After pre-training, two ways to use the model:

**Fine-tuning (BERT era):**
```
Pre-trained model → Add task-specific head → Train on labeled data
```
Example: Add classification layer, train on sentiment dataset.

**Prompting (GPT-3 era):**
```
Pre-trained model → Give task instruction as text → Generate answer
```
Example: "Classify sentiment: 'I love this movie' →" → Model generates "Positive"

Large enough models can do tasks via prompting, no fine-tuning needed.
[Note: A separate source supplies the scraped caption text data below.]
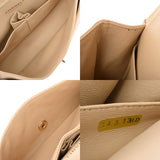 CHANEL シャネル マトラッセ Wフラップ Wチェーンショルダー 25 ベージュ A01112 レディース ラムスキン ショルダーバッグ Aランク 中古 銀蔵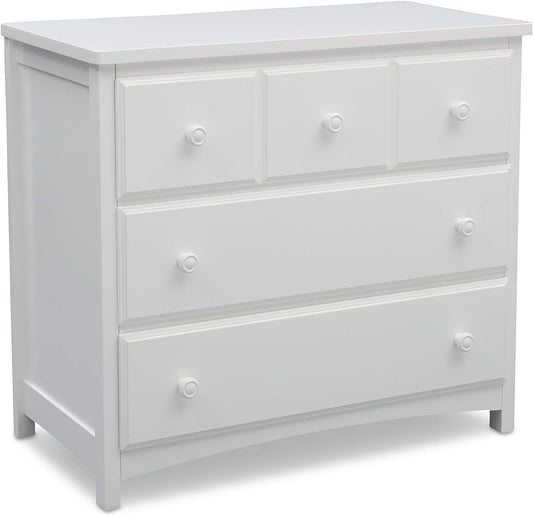 3 Drawer Dresser, Greenguard Gold Certified, Bianca White Bedroom Furniture Dressers Furniture Home & Kitchen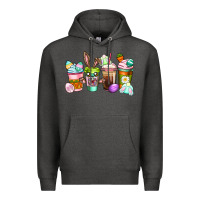 Charcoal Heather Easter coffee cups Easter Day Premium Hoodie - CowGirlArtShop
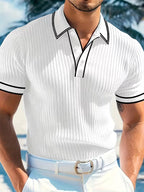 Polo shirt in white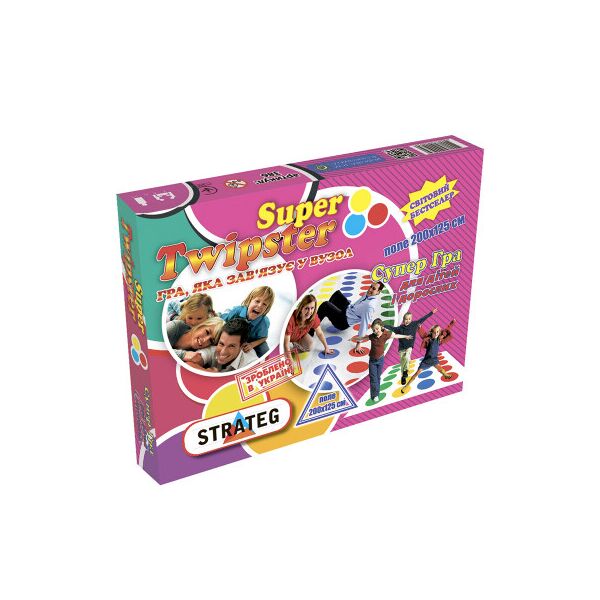 

Настольная игра Strateg Super Twipster укр. (11386)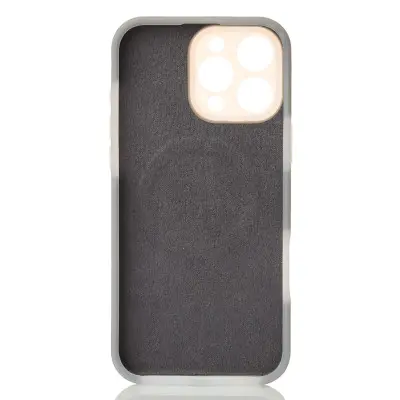 Накладка Liquid MagSafe iPhone 13 Pro Сіра (Stone Gray) Накладка Liquid MagSafe iPhone 13 Pro Сіра (Stone Gray)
This is IN-CONTEXT LEARNING.

In [11]:
# Conceptual example of fine-tuning vs prompting

def fine_tuning_approach():
    """
    Traditional approach: modify model architecture
    """
    print("Fine-tuning approach:")
    print("  1. Take pre-trained BERT")
    print("  2. Add classification head on top")
    print("  3. Train on sentiment dataset (1000s examples)")
    print("  4. Inference: feed text → get label\n")
    
def prompting_approach():
    """
    Modern approach: just provide examples in context
    """
    print("Prompting approach (few-shot):")
    print("  Prompt:")
    print("    'I love this movie' → Positive")
    print("    'This is terrible' → Negative")
    print("    'Best film ever!' → Positive")
    print("    'I enjoyed every minute' → ?")
    print("  ")
    print("  Model generates: 'Positive'")
    print("  No training needed!\n")

fine_tuning_approach()
prompting_approach()

Fine-tuning approach:
  1. Take pre-trained BERT
  2. Add classification head on top
  3. Train on sentiment dataset (1000s examples)
  4. Inference: feed text → get label

Prompting approach (few-shot):
  Prompt:
    'I love this movie' → Positive
    'This is terrible' → Negative
    'Best film ever!' → Positive
    'I enjoyed every minute' → ?
  
  Model generates: 'Positive'
  No training needed!



## Putting It All Together: Training Pipeline

**Step 1: Data collection**
- Scrape web, books, Wikipedia
- Clean, filter, deduplicate
- Billions of tokens

**Step 2: Tokenization**
- Convert text to subword tokens (BPE, WordPiece)
- Build vocabulary (30K-50K tokens typical)

**Step 3: Pre-training**
- Choose objective (CLM, MLM, etc.)
- Train on massive corpus
- Days to months on many GPUs/TPUs

**Step 4: Evaluation**
- Perplexity on held-out data
- Downstream task performance

**Step 5: Fine-tuning (optional)**
- Task-specific training
- Or just use prompting

## Modern Trends

**1. Scaling laws**
- Performance improves predictably with more compute, data, parameters
- No sign of saturation yet

**2. Instruction tuning**
- After pre-training, fine-tune on instruction-following tasks
- Makes models better at following user requests
- Examples: InstructGPT, Flan-T5

**3. RLHF (Reinforcement Learning from Human Feedback)**
- Train reward model from human preferences
- Optimize language model using RL to maximize reward
- ChatGPT uses this

**4. Sparse models**
- Mixture of Experts (MoE): different experts for different inputs
- Activate only small subset of parameters per example
- Enables larger models with same compute

## Key Takeaways

**Self-supervised learning:**
- Create labels from data itself
- Enables training on massive unlabeled corpora
- Foundation of modern NLP

**Pre-training objectives:**
- **CLM:** Predict next word (GPT) - good for generation
- **MLM:** Predict masked words (BERT) - good for understanding
- **Seq2seq:** Denoise corrupted text (T5, BART) - good for both

**The recipe:**
1. Collect billions of tokens
2. Train with self-supervised objective
3. Learn rich representations
4. Transfer to downstream tasks

**Why it works:**
- Scale: more data than any supervised dataset
- Generality: learns language, not just specific tasks
- Emergence: complex abilities arise from simple objective

**The insight:**
> "You shall know a word by the company it keeps." - Firth, 1957

Modern LLMs take this to the extreme. Learn everything about language just by predicting words in context.